Published: June 06, 2022
doi:
10.3791/63989
, , , , ,
1Department of Obstetrics and Gynecology, Guangdong Provincial Key Laboratory of Major Obstetric Diseases,The Third Affiliated Hospital of Guangzhou Medical University, 2Key Laboratory of Reproduction and Genetics of Guangdong Higher Education Institutes, 3School of Biotechnology and Health Sciences,Wuyi University

Summary

Organoides cerebrais oferecem oportunidades sem precedentes para estudar o desenvolvimento de órgãos e a patologia da doença humana. Embora tenha sido alcançado grande sucesso com sistemas de cultura organoides cerebrais, ainda há dificuldades operacionais na aplicação dessa tecnologia. O presente protocolo descreve um procedimento organoide cerebral que facilita a mudança média e a transferência organoide.

Abstract

Atualmente, a tecnologia de cultura organoide cerebral ainda é complicada de operar e difícil de aplicar em larga escala. É necessário encontrar uma solução simples e prática. Portanto, um protocolo organoide cerebral mais viável é proposto no presente estudo. Para resolver o inevitável inconveniente na mudança média e na transferência organoide no estágio inicial, a pesquisa atual otimiza a tecnologia de operação aplicando o princípio da engenharia. Uma lâmpada de luz macia foi adotada para iluminar lateralmente as amostras do corpo embrionário (EB), permitindo que os EBs fossem vistos a olho nu através do efeito de reflexão difusa aprimorado. Utilizando o princípio do fluxo secundário gerado pela rotação, os organoides se reúnem em direção ao centro do poço, o que facilita o funcionamento de mudança média ou transferência organoide. Comparado com a célula dispersa, o corpo embrionário se instala mais rápido na pipeta. Usando este fenômeno, a maioria das células livres e fragmentos de células mortas podem ser efetivamente removidos de forma simples, impedindo que os EBs incorram em danos causados por centrifugação. Este estudo facilita o funcionamento da cultura organoide cerebral e ajuda a promover a aplicação de organoides cerebrais.

Introduction

Em comparação com sistemas de cultura bidimensionais (2D), sistemas de cultura tridimensionais (3D) têm várias vantagens, incluindo replicação genuína e reprodução eficiente de estruturas complexas de determinados órgãos1. Portanto, organoides cerebrais são um dos importantes métodos auxiliares para os campos de pesquisa do desenvolvimento cerebral humano e da doença2, rastreamento de drogas e terapia celular.
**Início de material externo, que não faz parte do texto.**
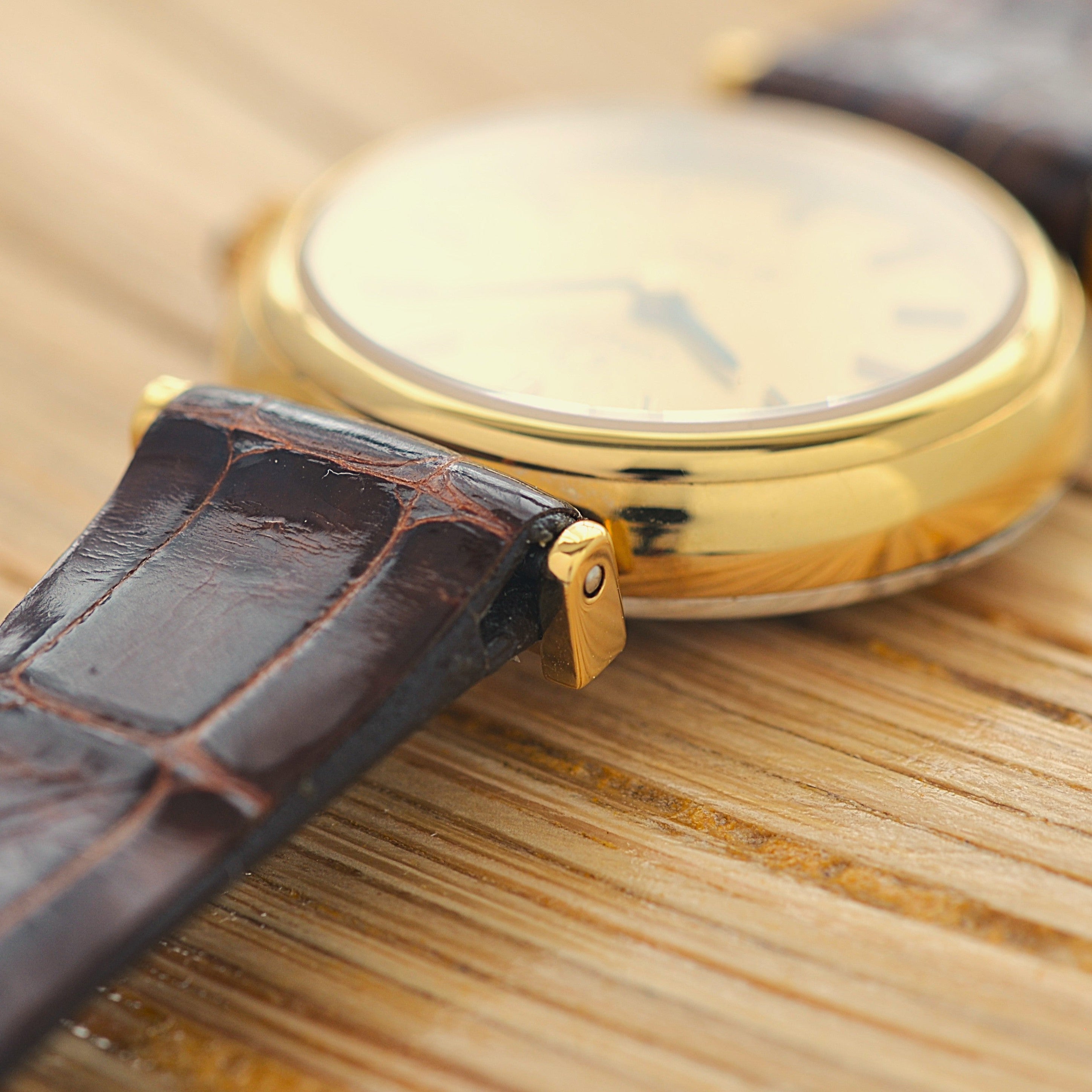 【OMEGA】オメガ デヴィル GP ミニラウンド変わりケース Goldバーク デッドストック 純正尾錠付き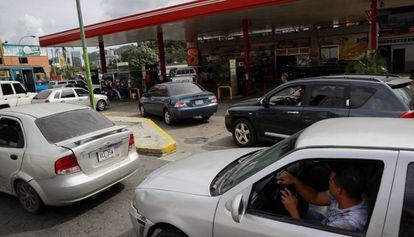 Algunos conductores aguardan a cargar gasolina en Caracas, Venezuela.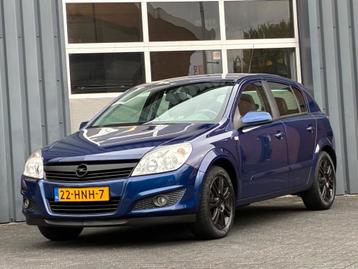 Opel Astra 1.8 Cosmo Automaat Leder Airco Navi Cruise beschikbaar voor biedingen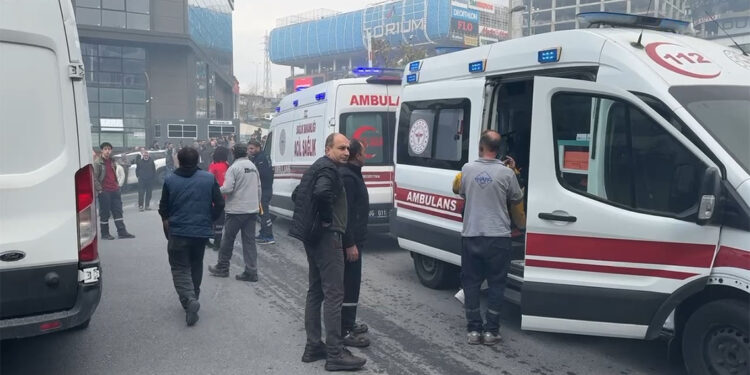 Avcılar'da iş hanında yangın: 2 yaralı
A colheita de organoides cerebrais pelo método de suspensão rotativa é propícia ao seu desenvolvimento e maturação3. Embora os sistemas de cultura organoide cerebral tenham alcançado grande sucesso, eles ainda enfrentam desafios críticos que limitam sua aplicação. Por exemplo, o cultivo manual envolve etapas complicadas de manipulação e introduz obstáculos para alcançar aplicações em larga escala. Além disso, em cada estágio de desenvolvimento na cultura dos organoides cerebrais, são necessárias mudanças em diferentes mídias e citocinas4. No entanto, no estágio inicial, os organoides ou EBs têm tamanhos minúsculos (aproximadamente 200 μm a 300 μm) e são quase visualmente inacessíveis sem aparelhos apropriados. Inevitavelmente, uma certa quantidade de amostras organoides preciosas são lavadas quando o meio é alterado. Muitas técnicas têm sido exploradas para superar isso em outros tipos de culturas organoides, e alguns exemplos incluem a imersão de chips organoides inteiros em um meio de cultura por 3 dias sem intervenção5; adicionando um meio fresco através do deslizamento de tampas depois que o meio antigo é absorvido usando papel absorvente5; ou aplicar dutos microfluidos complexos para troca de fluidos 6,7,8. Outro obstáculo encontrado no estágio inicial do cultivo organoide é a dificuldade de alcançar observações diretas a olho nu, o que pode causar más operações que levam a danos organoides e perda durante as etapas de transferência organoide. Portanto, é necessário estabelecer um protocolo mais viável que facilite a mudança média e a transferência organoide para gerar organoides.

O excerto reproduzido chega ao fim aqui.